TASK INSTRUCTIONS> Please output, without any change, the lines of the material below from the very first through the one with "Landtiere Geburtstagspartei Rücksendeadresse".

INPUT DATA>
Content starts
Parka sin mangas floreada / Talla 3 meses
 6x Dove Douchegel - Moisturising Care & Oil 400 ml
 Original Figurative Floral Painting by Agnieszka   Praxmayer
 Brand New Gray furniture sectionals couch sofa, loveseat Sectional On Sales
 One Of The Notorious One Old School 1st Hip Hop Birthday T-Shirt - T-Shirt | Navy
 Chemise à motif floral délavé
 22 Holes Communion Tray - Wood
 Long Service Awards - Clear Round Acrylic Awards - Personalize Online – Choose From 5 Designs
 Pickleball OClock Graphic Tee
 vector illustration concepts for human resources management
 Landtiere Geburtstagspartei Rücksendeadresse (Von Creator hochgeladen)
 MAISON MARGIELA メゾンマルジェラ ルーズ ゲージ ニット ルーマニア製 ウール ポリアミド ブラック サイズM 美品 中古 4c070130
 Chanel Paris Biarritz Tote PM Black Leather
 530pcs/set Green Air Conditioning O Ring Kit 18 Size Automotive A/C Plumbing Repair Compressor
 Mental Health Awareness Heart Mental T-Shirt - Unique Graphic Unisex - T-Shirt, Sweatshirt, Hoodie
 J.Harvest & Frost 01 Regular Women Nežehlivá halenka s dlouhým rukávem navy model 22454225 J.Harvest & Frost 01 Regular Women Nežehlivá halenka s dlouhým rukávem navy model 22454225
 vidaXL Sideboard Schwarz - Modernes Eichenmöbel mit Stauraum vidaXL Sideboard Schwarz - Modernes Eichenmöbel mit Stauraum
Content ends
ANSWER FOR THIS EXERCISE>
Parka sin mangas floreada / Talla 3 meses
 6x Dove Douchegel - Moisturising Care & Oil 400 ml
 Original Figurative Floral Painting by Agnieszka   Praxmayer
 Brand New Gray furniture sectionals couch sofa, loveseat Sectional On Sales
 One Of The Notorious One Old School 1st Hip Hop Birthday T-Shirt - T-Shirt | Navy
 Chemise à motif floral délavé
 22 Holes Communion Tray - Wood
 Long Service Awards - Clear Round Acrylic Awards - Personalize Online – Choose From 5 Designs
 Pickleball OClock Graphic Tee
 vector illustration concepts for human resources management
 Landtiere Geburtstagspartei Rücksendeadresse (Von Creator hochgeladen)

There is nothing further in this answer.